Egyptian actor (1946–2016)

Mahmoud Abdel Aziz (محمود عبد العزيز‎; 4 June 1946 – 12 November 2016) was an Egyptian film and television actor. He became famous for several famous roles in Egyptian cinema, before becoming famous in his native Egypt and the whole region for his Egyptian patriotic role in the Egyptian TV series Raafat el-Hagan. The Egyptian Actors Guild announced his death on the night of 12 November 2016.

== Early life ==
Mahmoud Abdel Aziz was born in Wardeyan, a neighborhood in Alexandria, Egypt to a middle-class family. Although he was studying Agricultural Science at Alexandria University, he used to practice his acting through the university theatre.

== Career ==
He started his acting career by appearing in a role in Al Dawama TV miniseries show in 1973 with Nelly and Mahmoud Yacine, followed by the TV miniseries Qaseera Qaseera Al Hayat with Salah Zulfikar and Magda, aired in 1974. Afterwards, he entered the movie industry for the first time through Al Hafeed (1974) an all-time Egyptian film classic. Mahmoud Abdel Aziz starred in over 25 movies during the late 1970s and early 1980s; while his popularity was increasing dramatically, most of which at the time were categorized as romantic dramas.
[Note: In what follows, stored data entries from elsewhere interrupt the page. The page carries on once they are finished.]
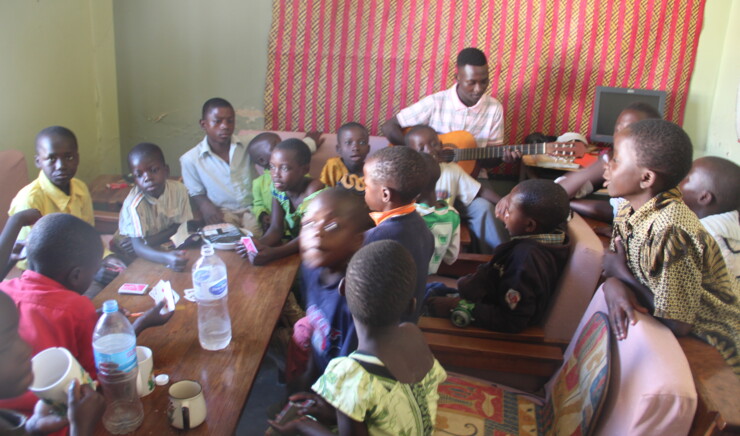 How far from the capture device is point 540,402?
6.61ft

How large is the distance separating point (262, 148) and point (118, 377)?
241 centimetres

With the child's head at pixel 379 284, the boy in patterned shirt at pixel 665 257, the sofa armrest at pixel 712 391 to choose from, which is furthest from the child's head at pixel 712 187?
the child's head at pixel 379 284

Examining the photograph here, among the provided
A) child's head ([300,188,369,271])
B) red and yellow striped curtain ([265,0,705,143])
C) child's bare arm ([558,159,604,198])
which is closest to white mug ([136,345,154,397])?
child's head ([300,188,369,271])

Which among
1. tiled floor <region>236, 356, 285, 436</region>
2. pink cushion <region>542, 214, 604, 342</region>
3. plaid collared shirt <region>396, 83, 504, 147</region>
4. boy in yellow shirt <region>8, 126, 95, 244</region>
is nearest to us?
pink cushion <region>542, 214, 604, 342</region>

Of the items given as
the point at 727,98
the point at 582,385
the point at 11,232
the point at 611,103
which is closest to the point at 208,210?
the point at 11,232

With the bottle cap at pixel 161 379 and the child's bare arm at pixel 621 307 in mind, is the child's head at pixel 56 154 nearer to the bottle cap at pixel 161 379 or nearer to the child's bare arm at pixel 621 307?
the bottle cap at pixel 161 379

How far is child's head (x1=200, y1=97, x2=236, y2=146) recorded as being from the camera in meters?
3.54

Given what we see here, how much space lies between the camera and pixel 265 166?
144 inches

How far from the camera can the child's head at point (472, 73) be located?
159 inches

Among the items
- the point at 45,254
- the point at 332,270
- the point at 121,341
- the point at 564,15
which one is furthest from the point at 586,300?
the point at 564,15

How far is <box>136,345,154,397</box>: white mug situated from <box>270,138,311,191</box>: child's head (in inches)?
58.0

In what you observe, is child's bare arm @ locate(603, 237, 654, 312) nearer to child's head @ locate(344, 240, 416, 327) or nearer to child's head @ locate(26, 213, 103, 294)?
child's head @ locate(344, 240, 416, 327)

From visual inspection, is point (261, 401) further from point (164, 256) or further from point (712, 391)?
point (712, 391)

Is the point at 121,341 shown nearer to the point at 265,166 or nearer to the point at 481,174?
the point at 265,166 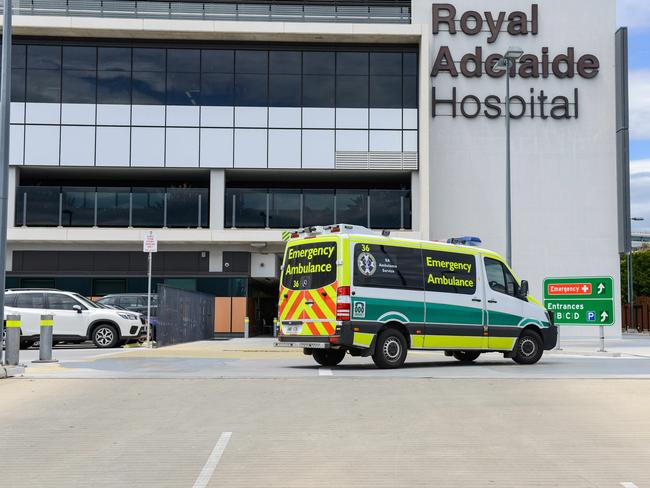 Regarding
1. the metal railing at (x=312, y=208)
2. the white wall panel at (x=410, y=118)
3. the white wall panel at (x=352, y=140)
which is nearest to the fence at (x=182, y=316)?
the metal railing at (x=312, y=208)

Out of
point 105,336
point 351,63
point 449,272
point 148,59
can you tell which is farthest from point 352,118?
point 449,272

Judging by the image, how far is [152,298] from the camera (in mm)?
29734

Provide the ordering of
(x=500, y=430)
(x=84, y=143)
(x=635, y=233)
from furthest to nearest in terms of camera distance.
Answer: (x=635, y=233) → (x=84, y=143) → (x=500, y=430)

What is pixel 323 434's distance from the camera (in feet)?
28.9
His acting path matured when he started taking on different roles which really exposed his talent. He was known to be equally adept at comedy and drama.
The 1980s marked Mahmoud Abdel Aziz as a superstar when he starred in very successful movies like El Aar (1982) and El Kef (1985), and TV series such as Raafat El-Hagan (1987) which is one of the most popular works of Egyptian television based on the true story of the renowned Egyptian spy Refaat Al-Gammal who was planted in Israel for over 20 years before and after the Six-Day War.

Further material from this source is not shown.